■ **Instructions for the task**: Write out the entries below once more, exactly, with the pictures left out.

Short descriptive text snippets:
────────────────────
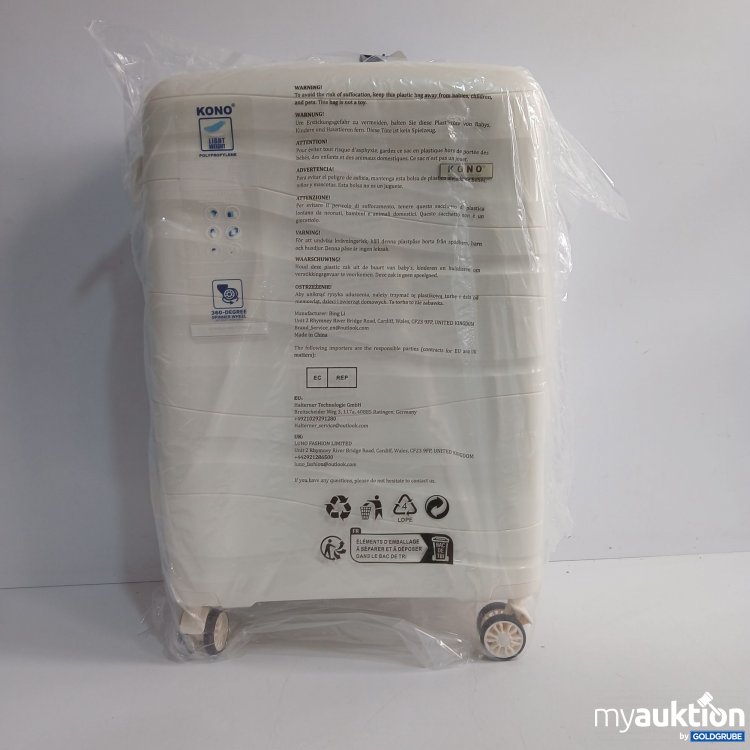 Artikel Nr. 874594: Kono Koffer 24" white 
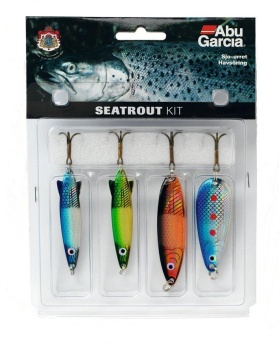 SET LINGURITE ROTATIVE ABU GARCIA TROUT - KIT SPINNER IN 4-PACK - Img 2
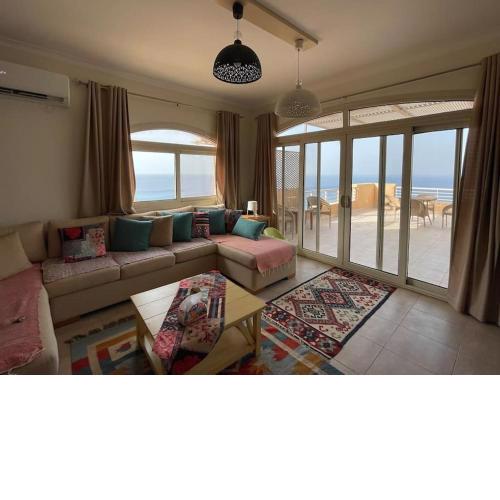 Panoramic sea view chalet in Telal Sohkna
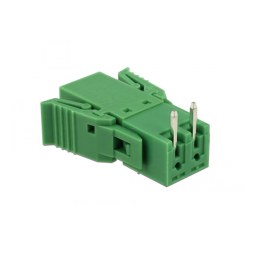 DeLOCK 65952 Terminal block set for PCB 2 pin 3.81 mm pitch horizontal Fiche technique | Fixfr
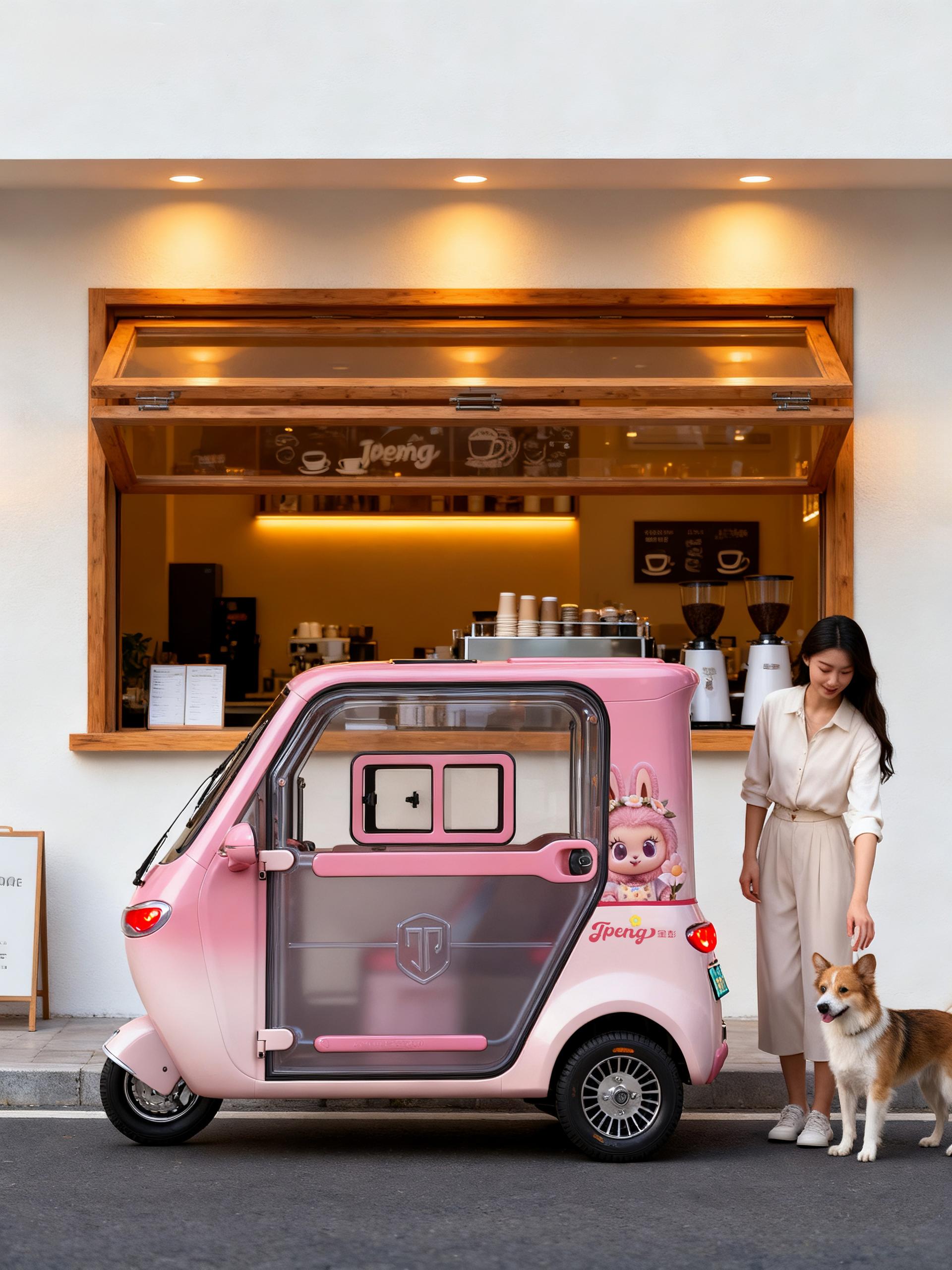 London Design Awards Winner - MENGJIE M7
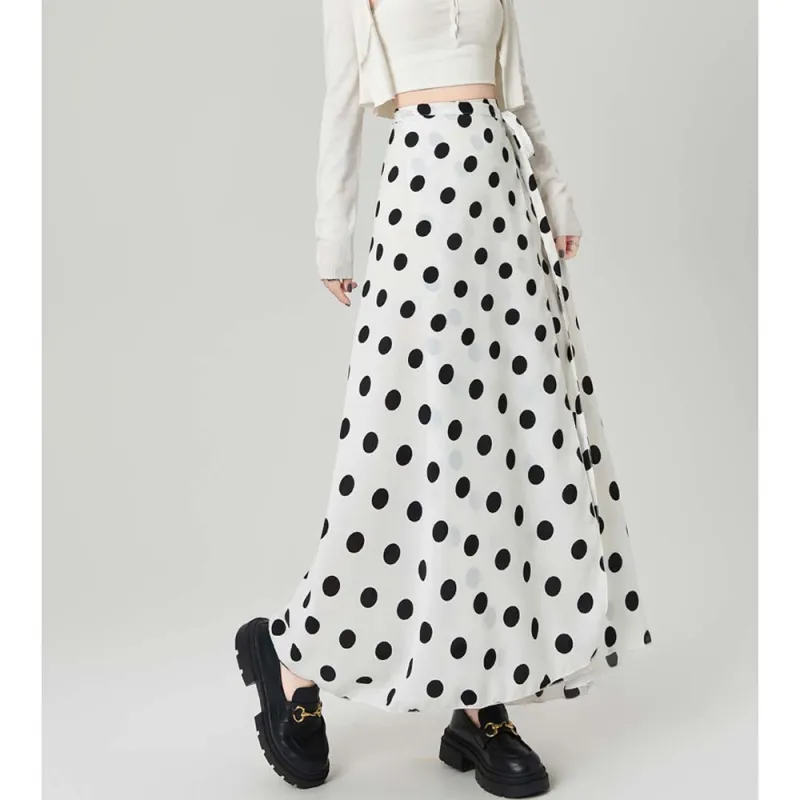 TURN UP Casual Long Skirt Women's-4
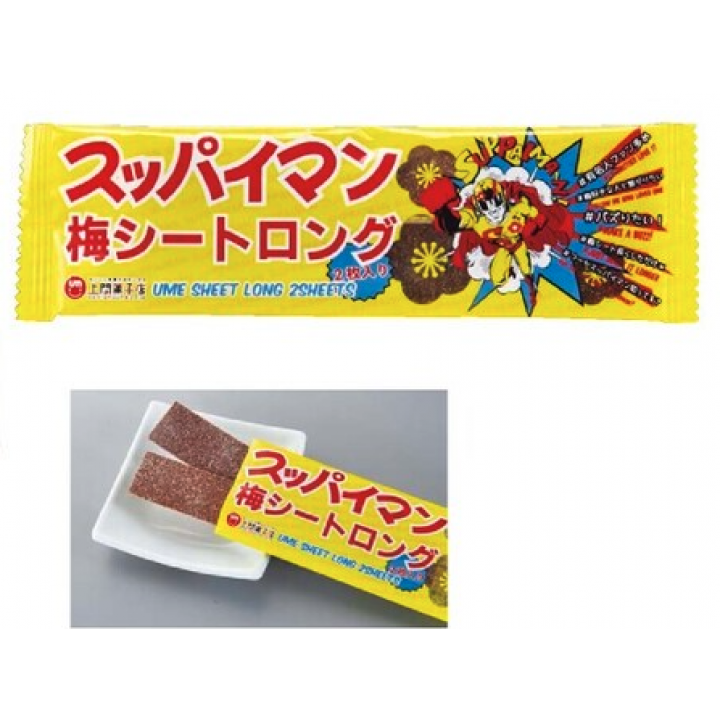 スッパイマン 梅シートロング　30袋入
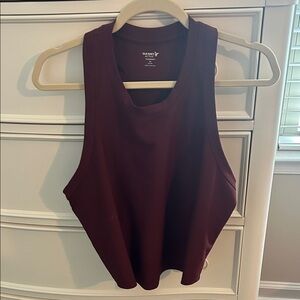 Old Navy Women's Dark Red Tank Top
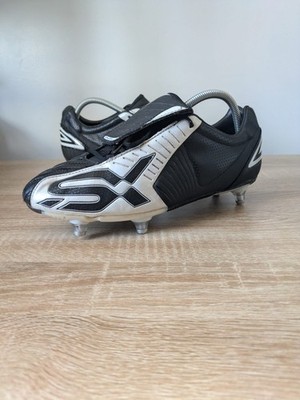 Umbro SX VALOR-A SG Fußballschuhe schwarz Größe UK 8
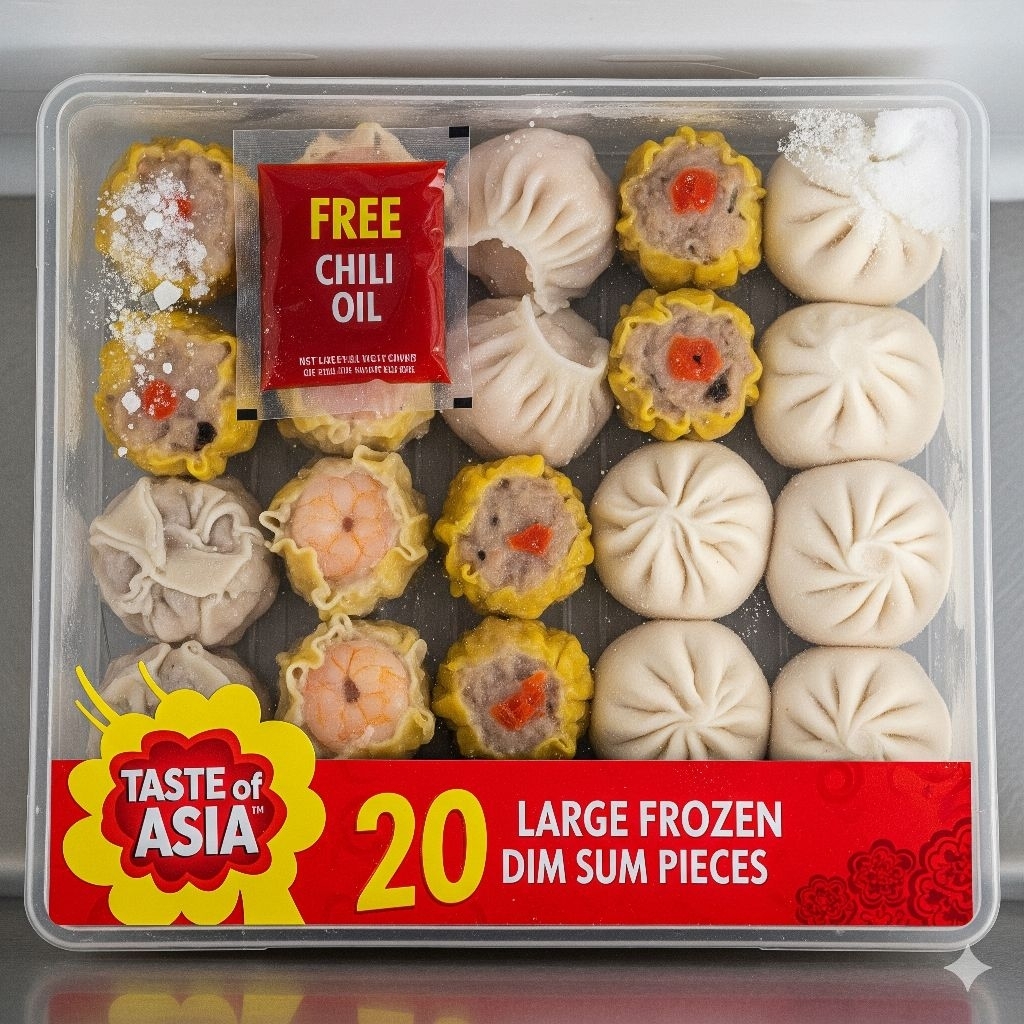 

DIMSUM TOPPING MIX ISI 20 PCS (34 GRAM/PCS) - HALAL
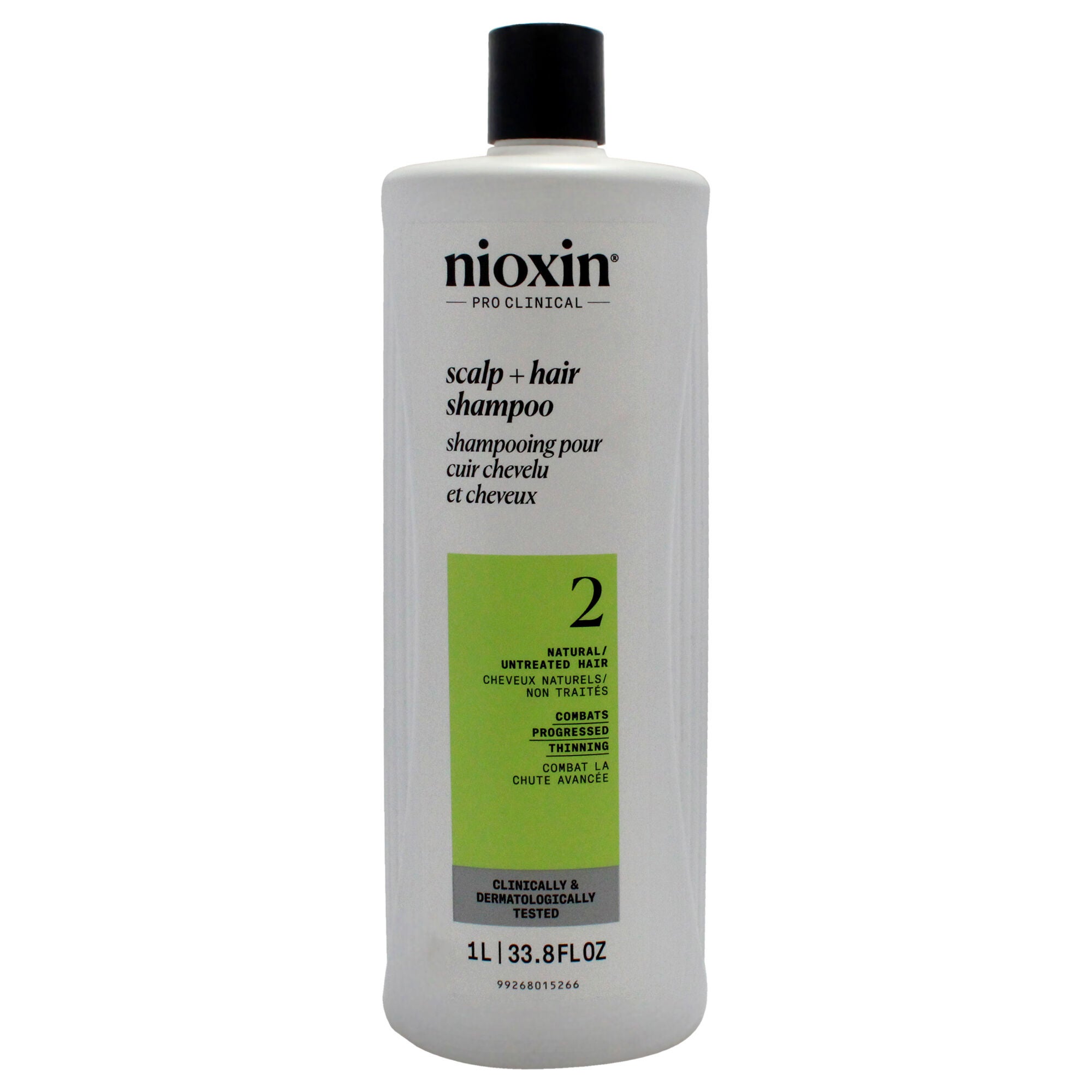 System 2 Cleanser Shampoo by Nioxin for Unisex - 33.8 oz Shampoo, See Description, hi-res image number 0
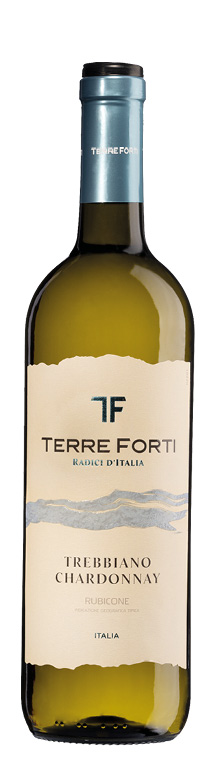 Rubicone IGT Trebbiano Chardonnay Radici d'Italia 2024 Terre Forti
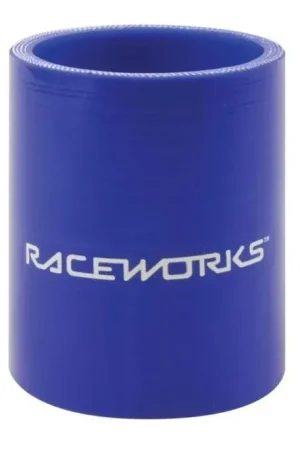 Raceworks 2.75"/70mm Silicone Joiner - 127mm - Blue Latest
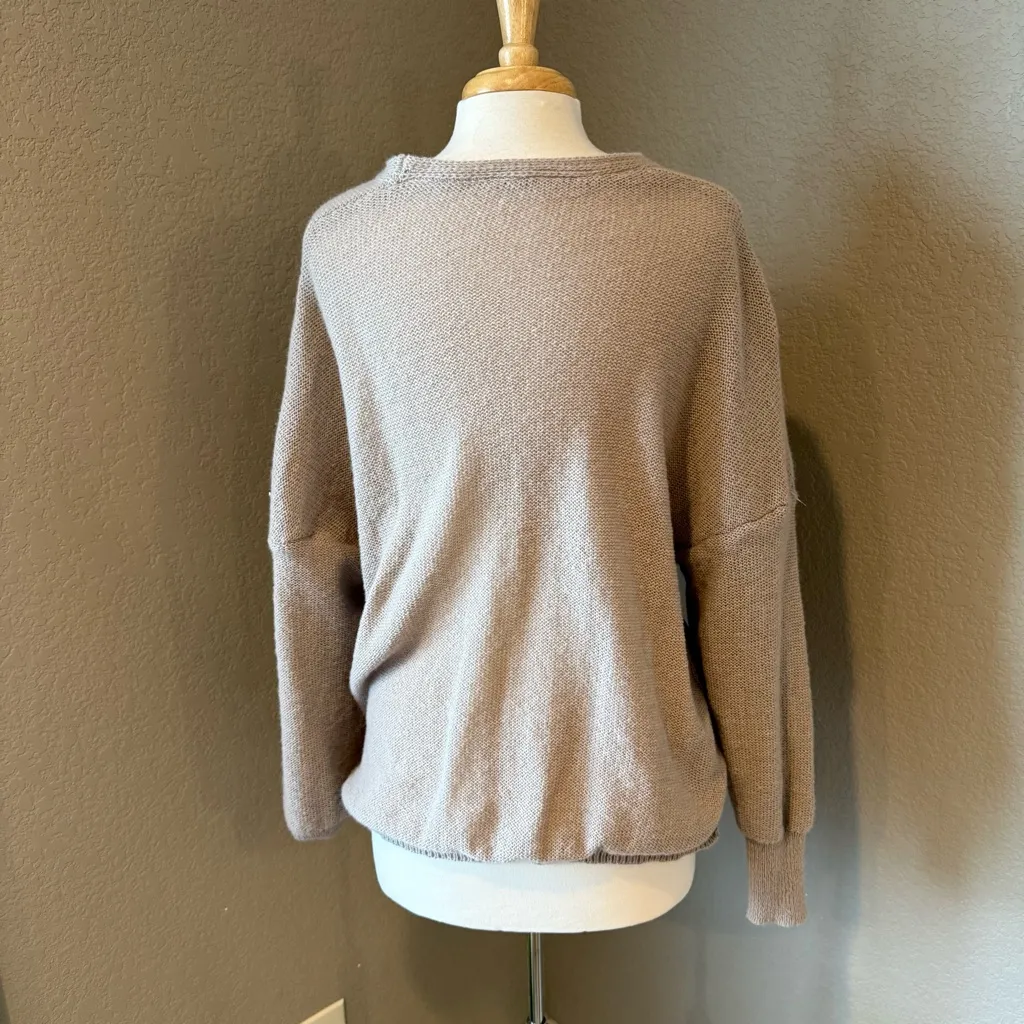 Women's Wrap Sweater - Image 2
────────────────────
■ **Result of the task**:
 Artikel Nr. 874594: Kono Koffer 24" white 
 SET LINGURITE ROTATIVE ABU GARCIA TROUT - KIT SPINNER IN 4-PACK - Img 2
 Panoramic sea view chalet in Telal Sohkna
 DeLOCK 65952 Terminal block set for PCB 2 pin 3.81 mm pitch horizontal Fiche technique | Fixfr
 London Design Awards Winner - MENGJIE M7
 TURN UP Casual Long Skirt Women's-4
 スッパイマン 梅シートロング　30袋入
 Old Navy Women's Dark Red Tank Top
 Umbro SX VALOR-A SG Fußballschuhe schwarz Größe UK 8

DIMSUM TOPPING MIX ISI 20 PCS (34 GRAM/PCS) - HALAL
 System 2 Cleanser Shampoo by Nioxin for Unisex - 33.8 oz Shampoo, See Description, hi-res image number 0
 Rubicone IGT Trebbiano Chardonnay Radici d'Italia 2024 Terre Forti
 Raceworks 2.75"/70mm Silicone Joiner - 127mm - Blue Latest
 Women's Wrap Sweater - Image 2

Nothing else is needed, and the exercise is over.